Two Papers: Their Coverage Diverges More Than Ever

 

For as long as I've lived in Washington, I've had the Washington Post and New York Times delivered every morning. It always was obvious that each had its strong and weak points; over the years, one never seemed clearly superior. But recently, major shifts in the way the Times covers many subjects bolster a strong feeling that the Post has taken a significant lead in quality.

National politics has always been the Post's stock-in-trade. It devotes many pages and many signed columns to this cornerstone of its news and opinion coverage. Both papers, despite having superb reporters covering the White House and environs, have of course devoted far too much attention to the current President. But both have probed and published major exposes of the corruption and malfeasance of this administration. Even the authoritative Bob Woodward, while holding the title of Associate Editor at the Post but not actually on current staff, still produces newsworthy accounts based on direct contact with presidents and their top staff members. 

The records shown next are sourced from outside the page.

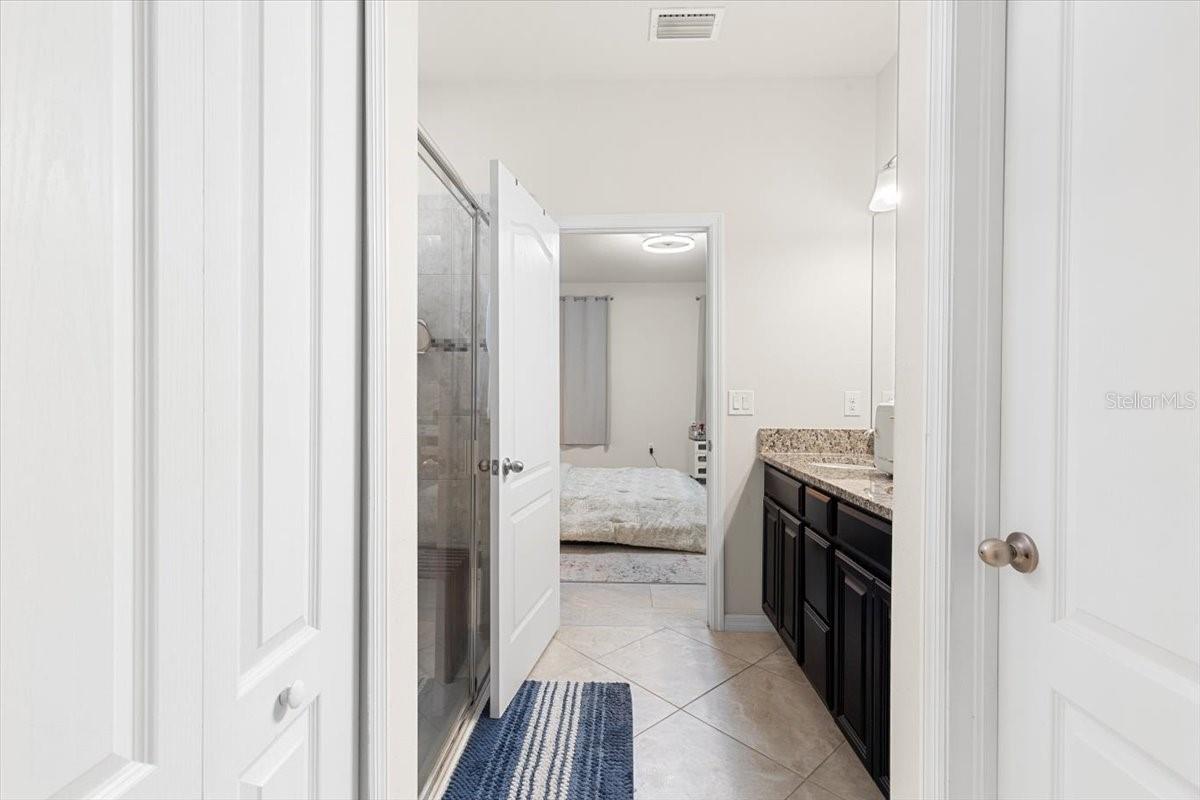 12152 LEDBURY COMMONS DR, GIBSONTON, FL, 33534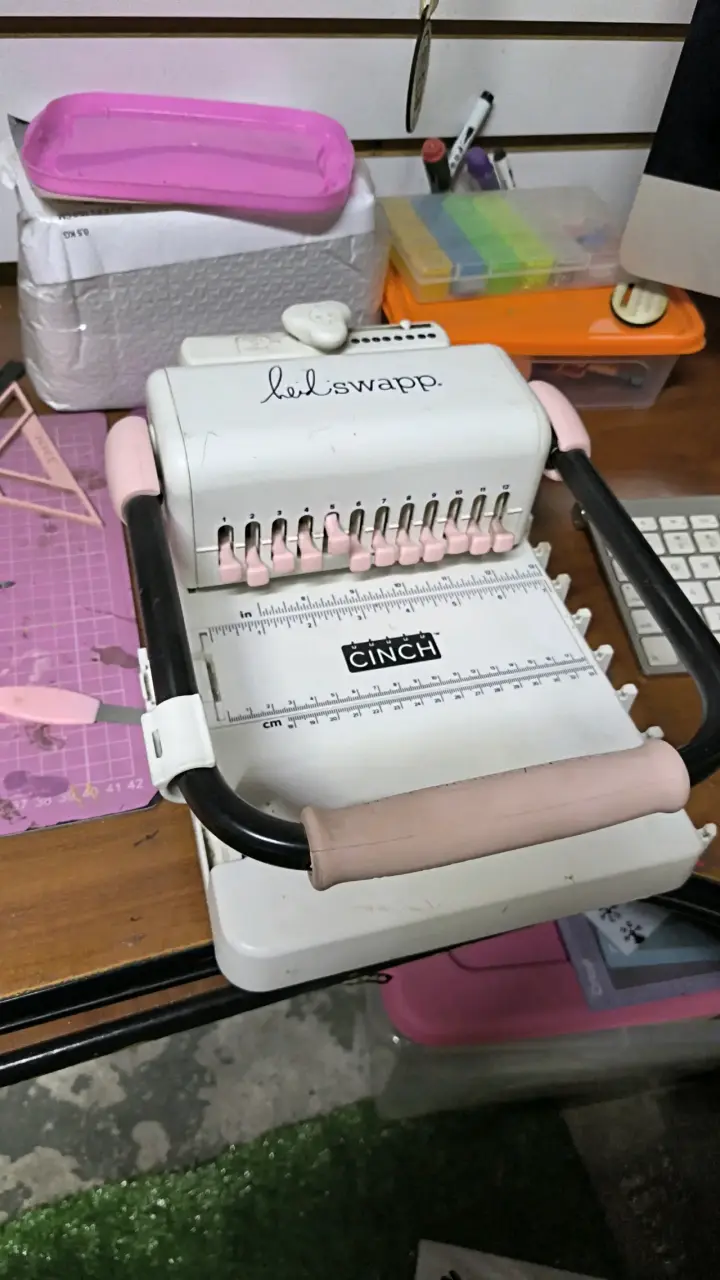 Máquina de encuadernar Cinch Heidi Swapp usada - 2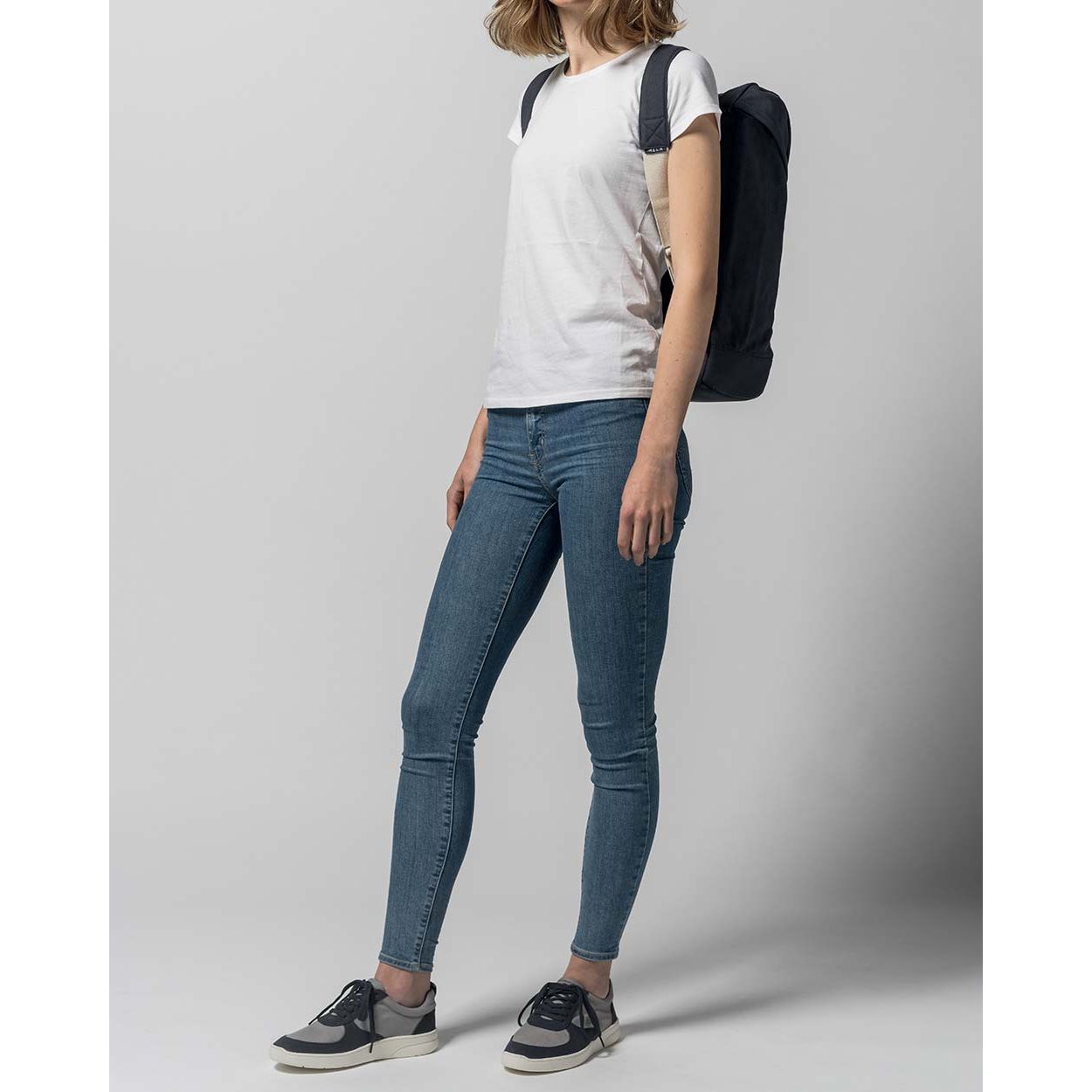 melawear-rucksack-melaV-fairtrade-bio-baumwolle_navy_8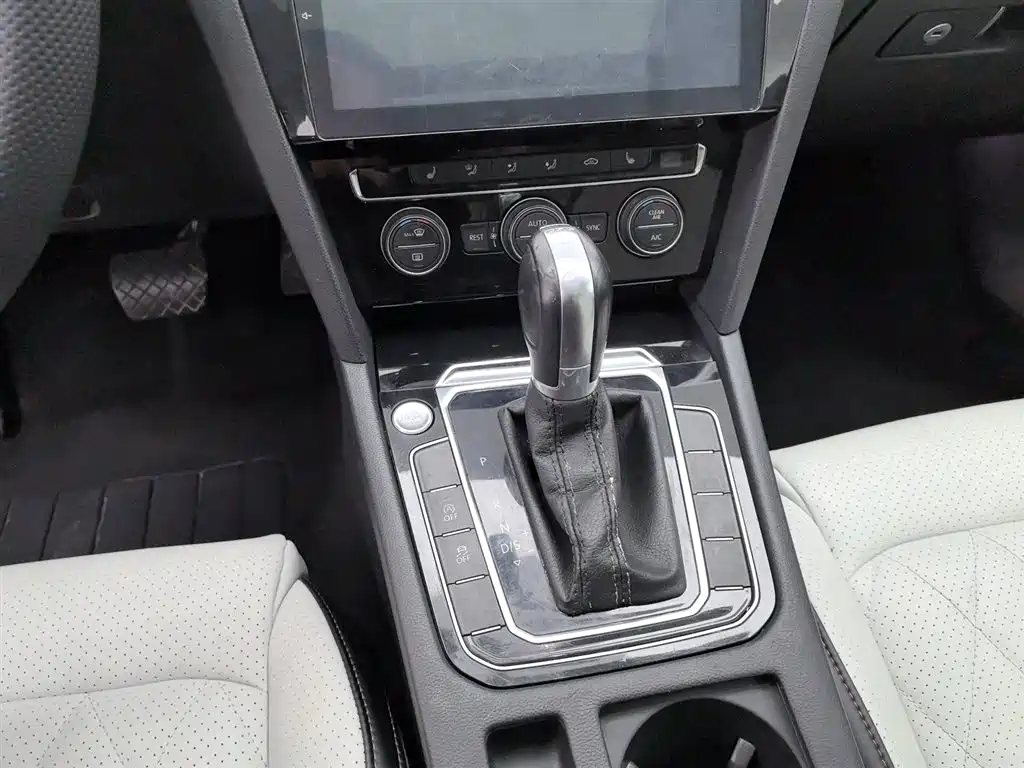 Volkswagen Magotan 2018 330TSI DSG Luxury фото 13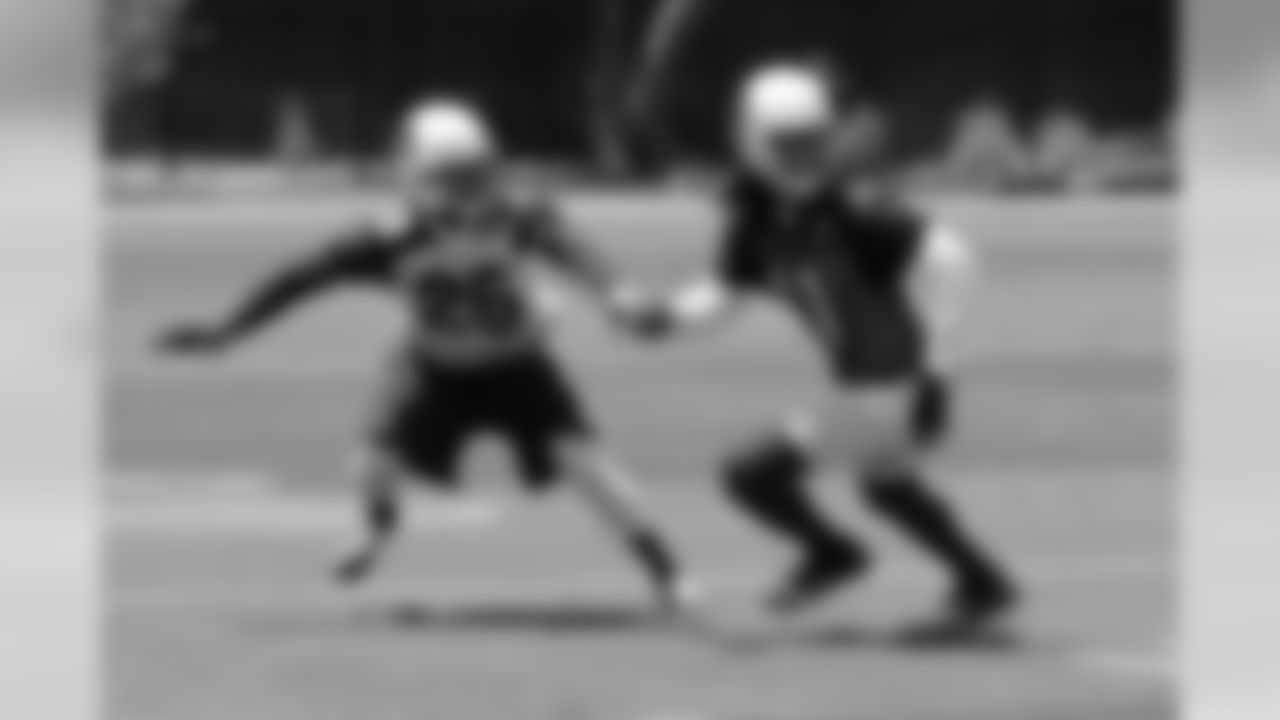 CB Jerraud Powers (25) takes on WR Larry Fitzgerald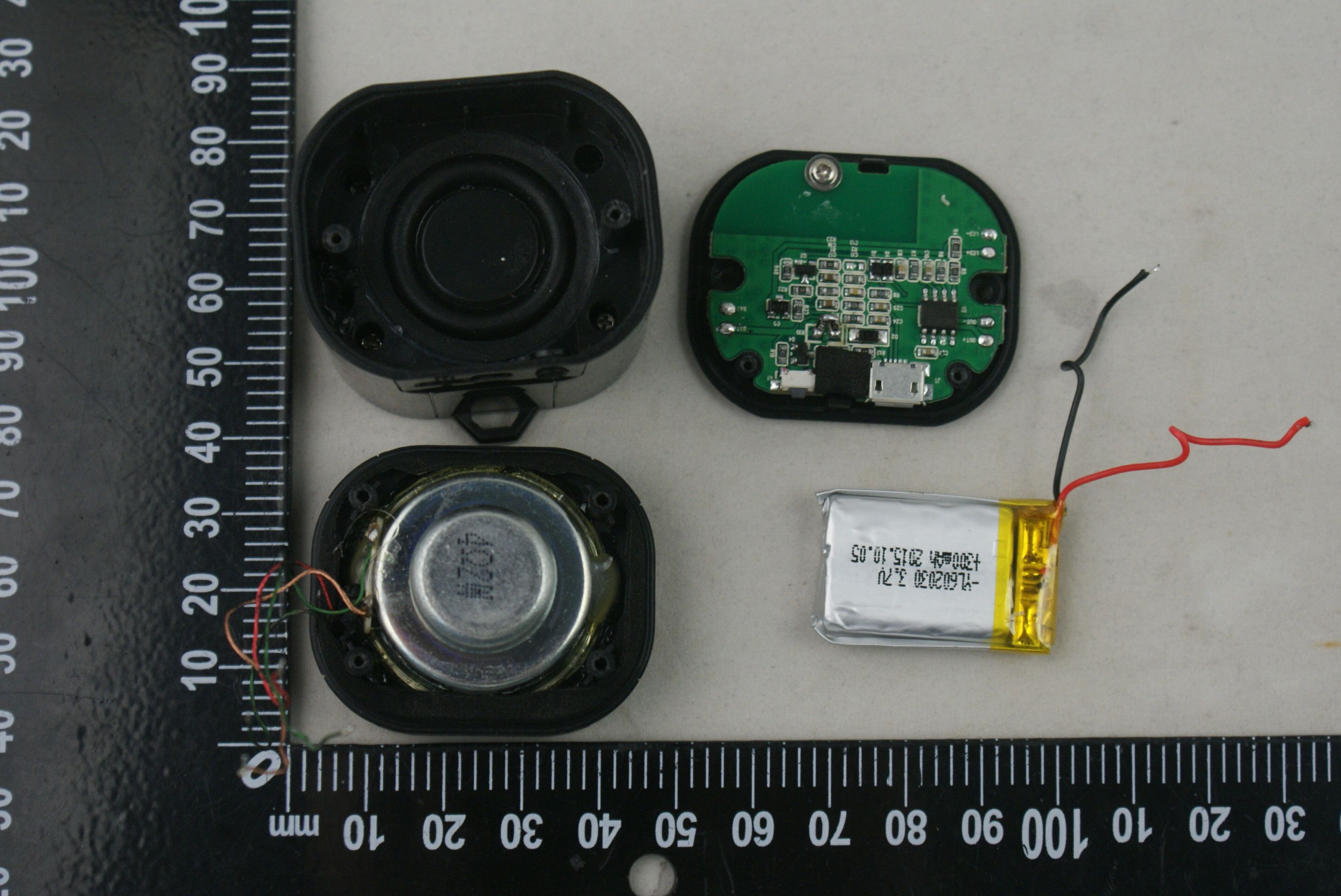 FCC ID 2ABL7-BTS500 Internal Photos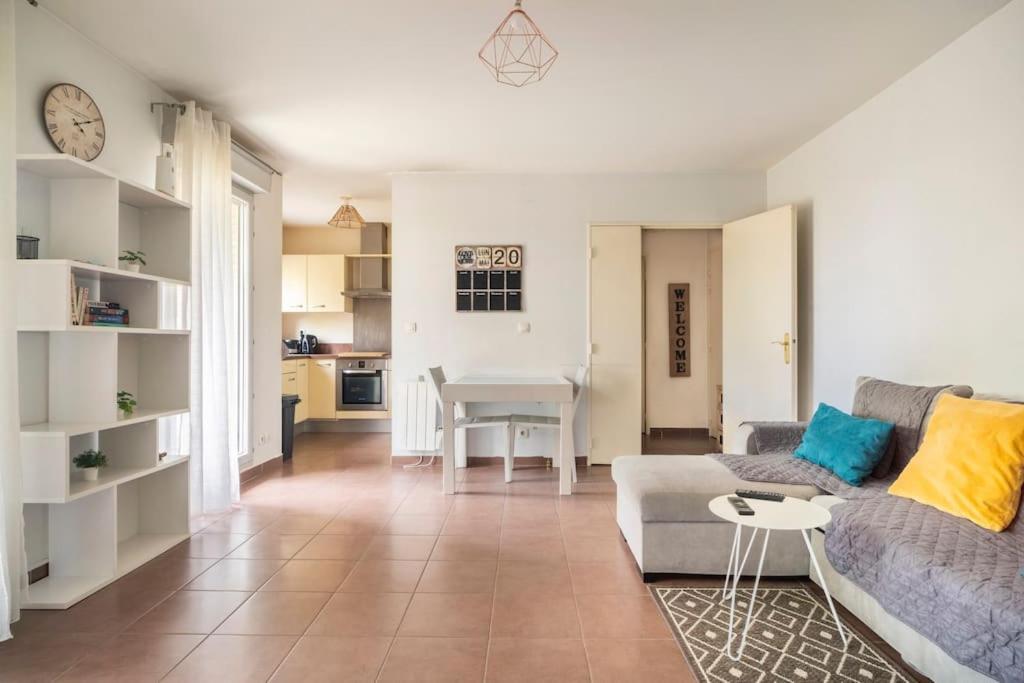 Appartement Avec Jardin Et Terrasse Pres De Paris Мант-ла-Жоли Экстерьер фото
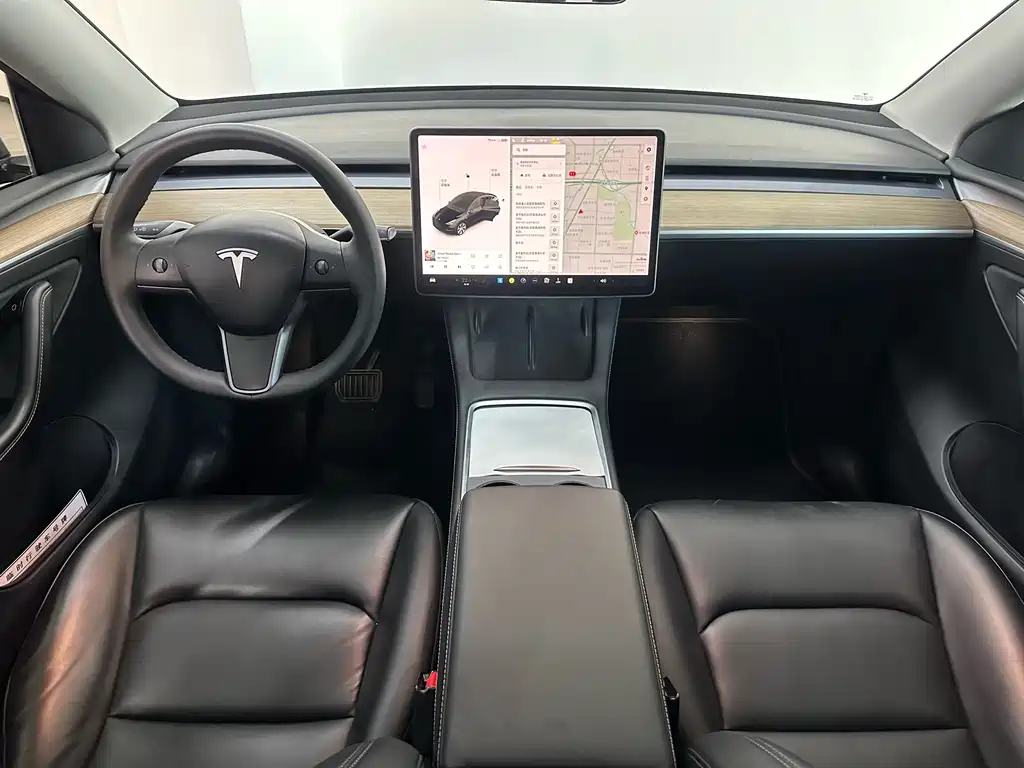 Tesla Model Y 2021 — фото 19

The Times, however, seems to have fallen off in terms of its full coverage. It has produced some amazing exposes in recent weeks--the President's taxes, for one. Yet when one looked at its front page this morning, Sunday, October 25, the right lead was a story datelined Bethlehem, Pa., about why people there felt the current President had done a fine job with the nation's economy. The reporter apparently spoke to no one who disagreed with this dubious finding. Nor did the story suggest that there might be anyone who differed from this conclusion.

The need for significant improvement in both staff diversity and coverage when addressing gender and race issues was long evident. Now, one can rarely turn to the Times without every other story focused on one or both of these subjects. In the Times's arts coverage, in particular, there rarely seems to be room for anything but these two topics, as important as they are. If we still had satirical magazines, or if satire relating to these sensitive matters were allowed to be published, the Times's total focus on them would be ripe for targeting.

In contrast, the Post has had a columnist for the past year or more who addresses issues relating to how women are treated in our society; for much longer, it has had a succession of columnists who focus on problems of race.  News stories that involve these topics receive full coverage. Eugene Robinson is a top-notch writer and has been so recognized for his perceptivity; Monica Hesse strikes me as a fair-minded writer who has identified important areas where women's rights are threatened or unfulfilled, and dealt with them well.